■ **TASK OBJECTIVE**
Begin your copy at the line with "Representantes institucionales observan" in the records below and end it at the line with "little girl calling by phone", restating each line word for word; omit the pictures.

■ **INPUT FOR THIS TASK**
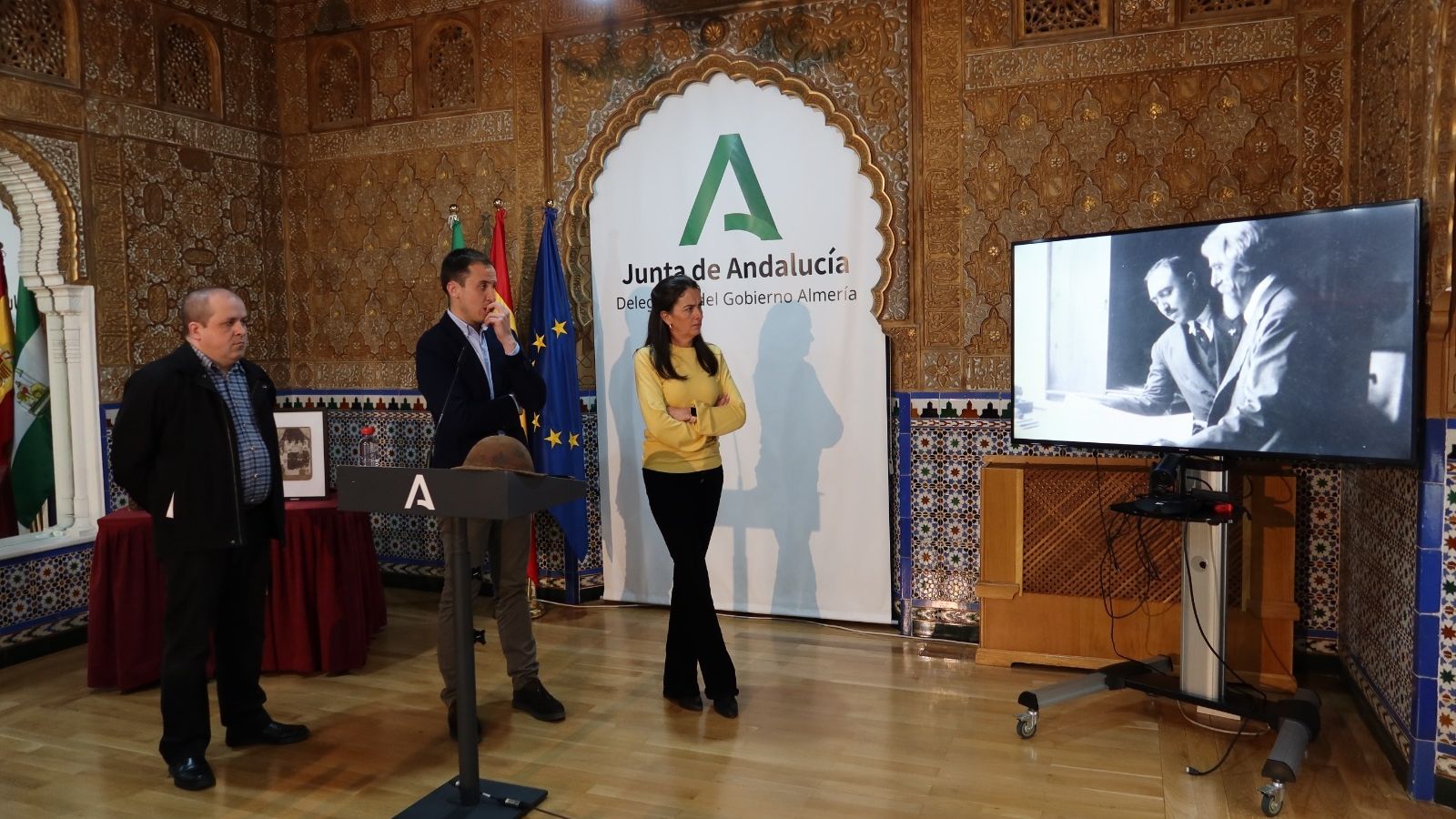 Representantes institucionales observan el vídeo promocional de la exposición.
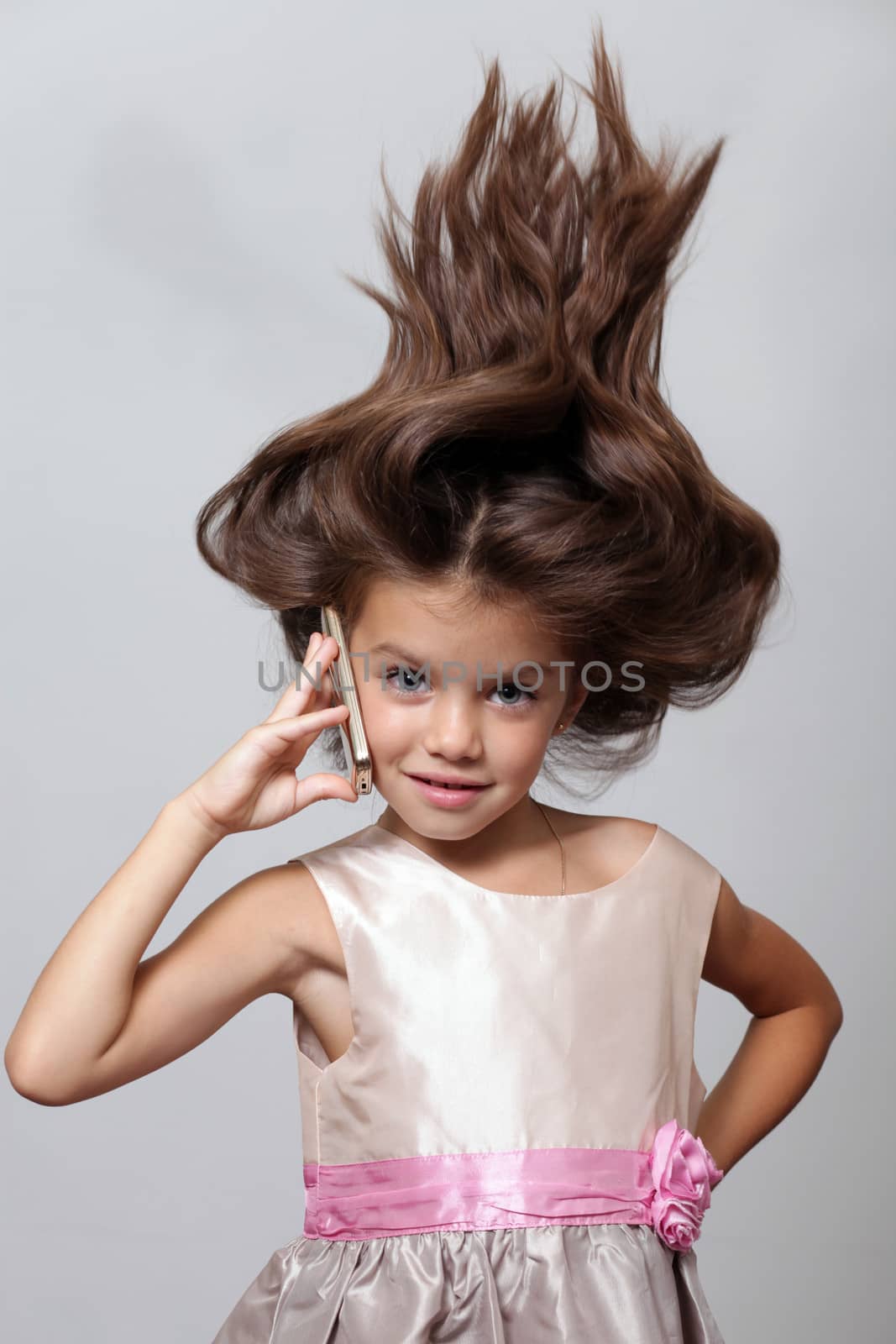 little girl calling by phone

==

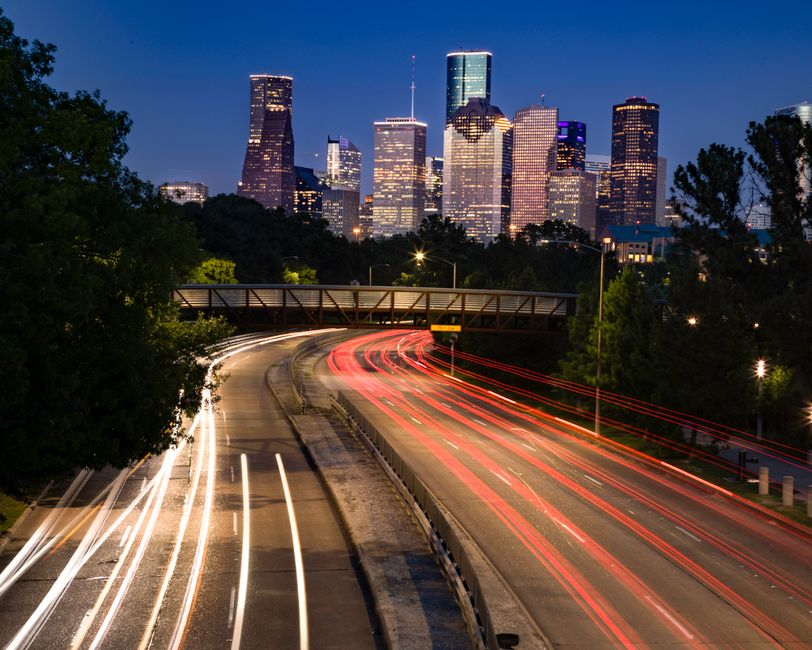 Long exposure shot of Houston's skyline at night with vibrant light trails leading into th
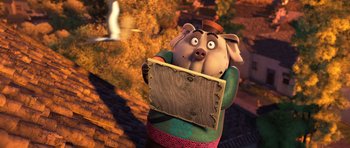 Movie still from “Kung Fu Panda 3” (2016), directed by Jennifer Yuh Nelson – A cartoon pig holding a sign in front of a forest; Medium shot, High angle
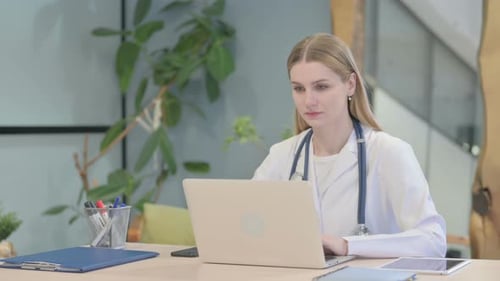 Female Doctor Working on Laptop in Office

* * *

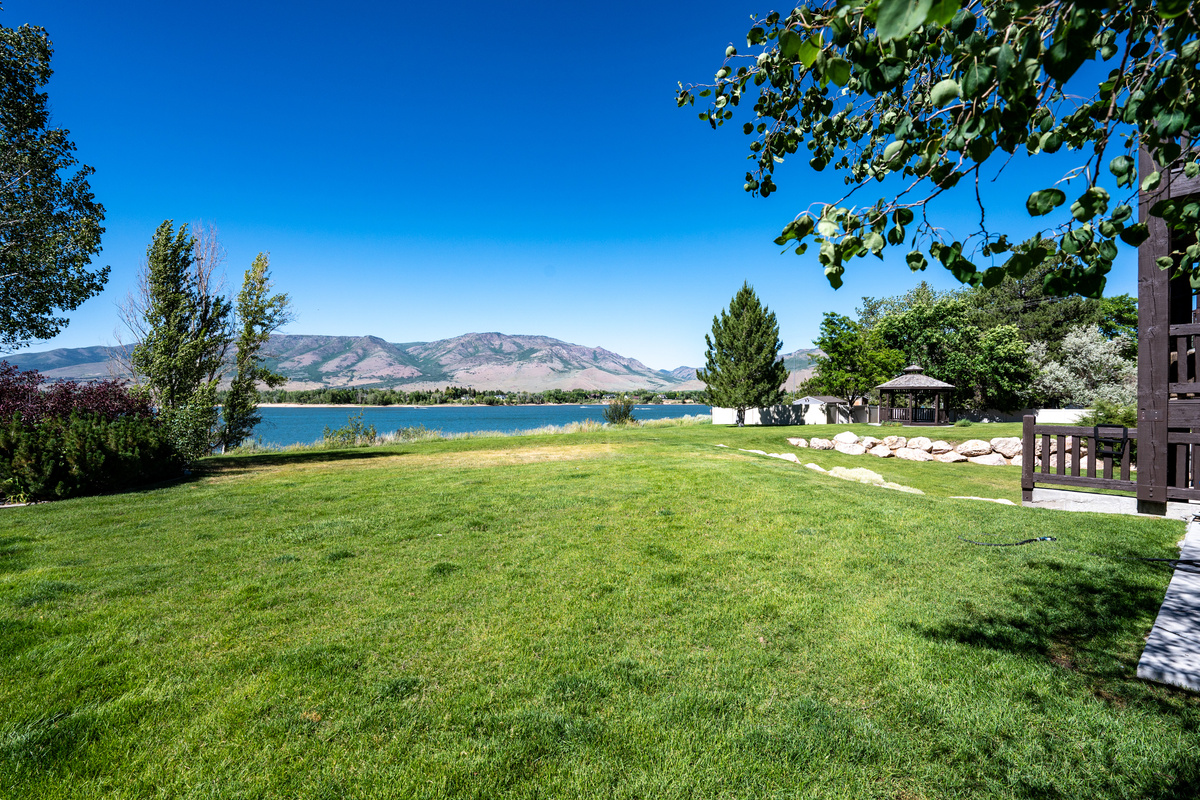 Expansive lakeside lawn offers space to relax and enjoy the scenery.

■ **WRITTEN ANSWER**
 Representantes institucionales observan el vídeo promocional de la exposición.
 little girl calling by phone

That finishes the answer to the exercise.